Reduce number of variables

michellemho commented 7 years ago

I think there are too many variables in the Data Observatory. This makes searching, organizing, and navigating the measurements nearly impossible with the systems we have now (the Catalog and the Builder UI). I think we should consider reducing the number of variables to just few hundred key variables per country to ensure quality before adding more quantity.

There are thousands of detailed variables that are unnecessary. Brazil and Australia are especially bad. For example there is a variable in Brazil for "Daughters of 38 year-old Guardian and Spouse" (br.data.Pessoa07_V039) ... this is too much detail. There are thousands more that are similar. Just look how massive this page is! http://cartodb.github.io/bigmetadata/br/age_gender.html

michellemho commented 7 years ago

This reduction issue should be fixed before tackling the names and descriptions (which is described in this issue https://github.com/CartoDB/bigmetadata/issues/168)

michellemho commented 7 years ago

I'll need more feedback on this, but I believe users are most interested in getting total population, population breakdowns by age and gender, median income, and maybe just a handful of other variables.

John hand-curated the variables available for the United States from the American Community Survey (ACS). There are thousands of variables to choose from-- he only included a few hundred. These names and descriptions were manually written into the ETL process in the ColumnsTask of the acs.py file.

juanignaciosl commented 7 years ago

Yep, we can probably begin with a set of generic values that are available for most of the countries and let the most specific ones aside. In the future, we might be interested in providing users the possibility to add them to their accounts only if they're interested in them.

michellemho commented 7 years ago

@juanignaciosl @saleiva @stuartlynn @ethervoid @javitonino @kevin-reilly This is my first pass to come up with bare minimum variables + key variables for the Data Observatory. The main purposes are: 1) consistency across countries and 2) better names and descriptions. When we start adding in censuses, we should align as close as possible to these variables first. I'll use this list to "prune" the existing Data Observatory (especially Australia, Canada, and Brazil). If other variables exist and are available, they should be added on an ad-hoc basis by country.

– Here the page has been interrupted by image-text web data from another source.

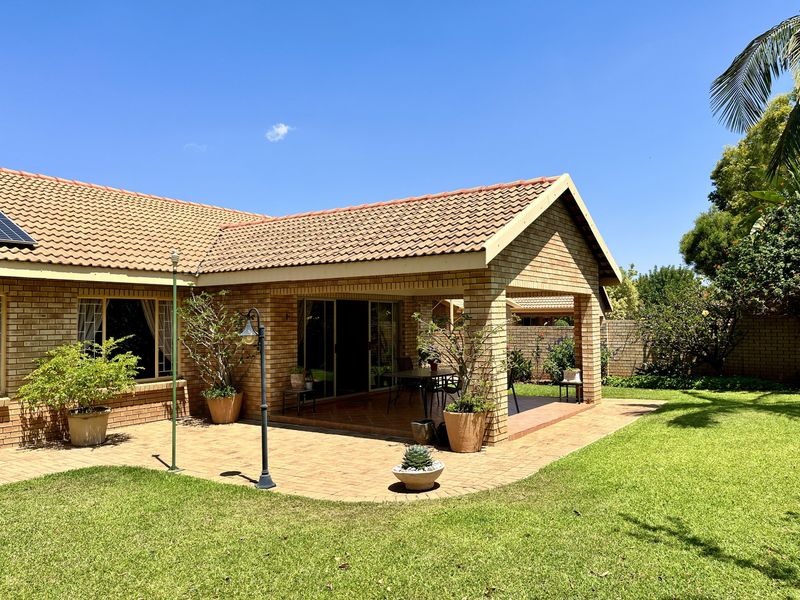 Immaculate townhouse with all the extras, situated in safe and quiet gated estate. - Photo 2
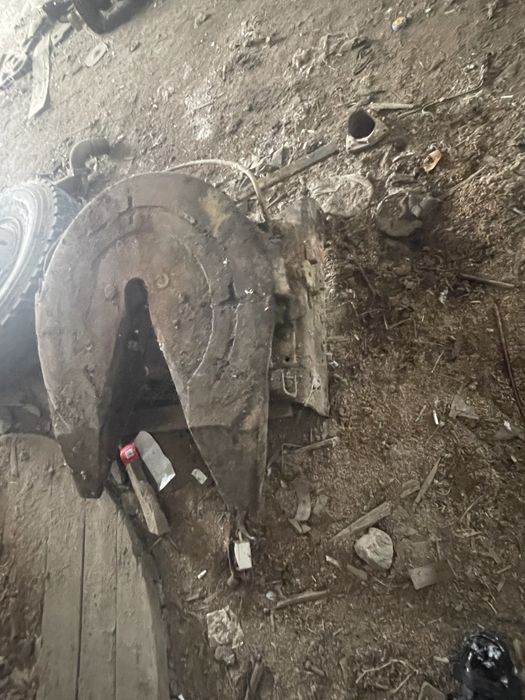 Седельно-спецное устройство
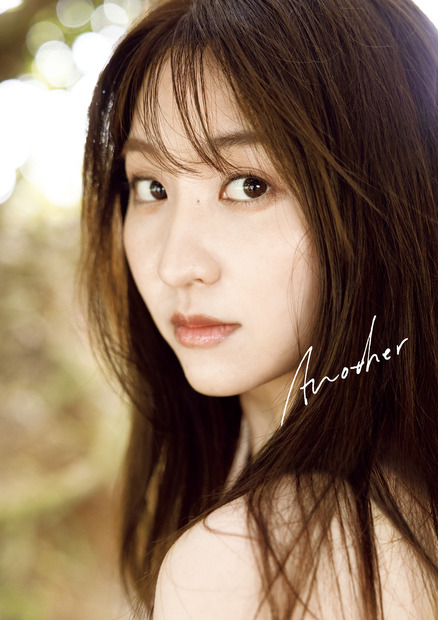 袴田彩会 写真集 『Another』（出版社：ワニブックス、撮影：中山雅文）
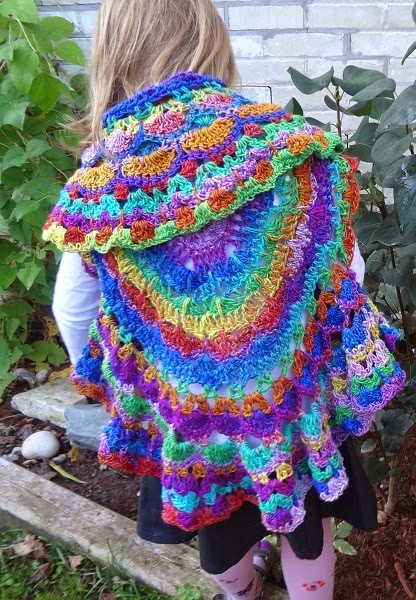 Dream Circle Vest Pattern AllFreeHolidayCrafts.com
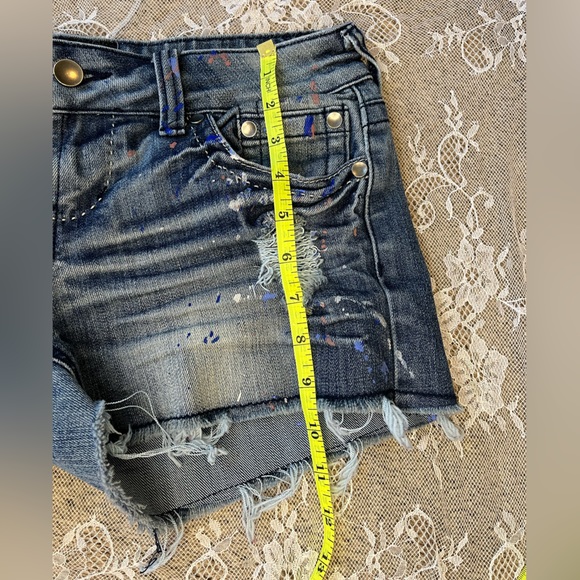 Delia’s Frayed and Paint Splattered Blue Jean Shorts - Picture 7 of 7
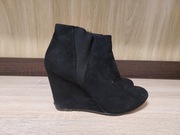 Czarne botki na koturnie rozmiar 36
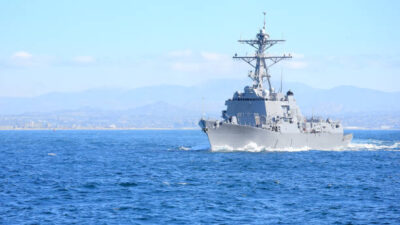China Usir Kapal Perang AS Dari Laut China Selatan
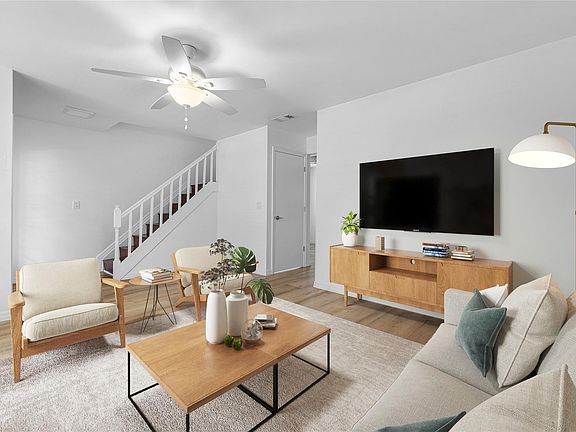 2nd image of 5794 Dewberry Way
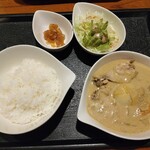 エブラック - チキンクリームスープカレー。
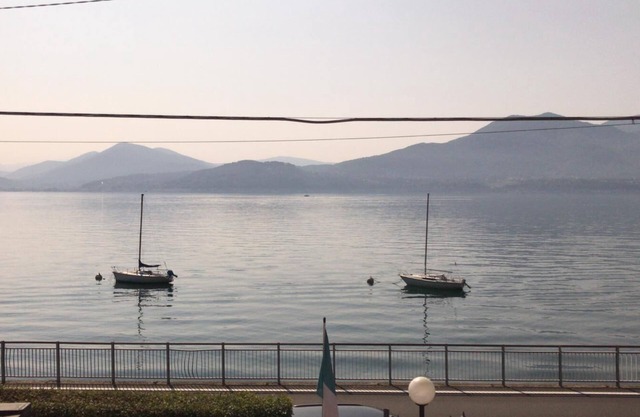 "Il Gatto Nero" Holiday Home with a splendid view of Lake Maggiore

Minimum demographic variables for all countries:

Age & Gender

Total Population
Male Population
Female Population
Population by age groups (varies country to country)
Population by age groups and gender (varies country to country)

Households (Families)

Total households

Housing

Total housing units

Key demographic variables (availability varies by country)

Households (Families)

Average household size
Number of households by size
Number of people by marriage status (single, married, divorced, separated, widowed)
Number of households or families with children

Housing

Occupied housing
Owner-occupied housing
Renter-occupied housing
Vacant housing
Number of housing units by type (apartment, semi-attached, etc.)
Number of housing units by year built
Number of housing units by size (1 bedroom, 2 bedroom, etc.)

Income

Median household income
Number of people in poverty or receiving public assistance

Employment

Economically active population
Employed population
Unemployed population
Economically inactive population

Education

Number of enrolled students by level
Number of people by educational attainment

Nationality

Population by place of birth

Race and Ethnicity

Population by race and ethnicity groups

Religion

Number of people by religion

Language

Number of people by language spoken at home

Commerce & Economy

Number of businesses by industry

Health

Life expectancy
Birth rate
Death or mortality rate
Number of people with health insurance by type

kevin-reilly commented 7 years ago

One thing @stuartlynn and I just spoke about was introducing a "public" tag to the data in the DO. The dataset Michelle lists above would be "public" and everything else would be private. This would allow us to ingest any data we may want for internal purposes but only publish certain sets to Builder users.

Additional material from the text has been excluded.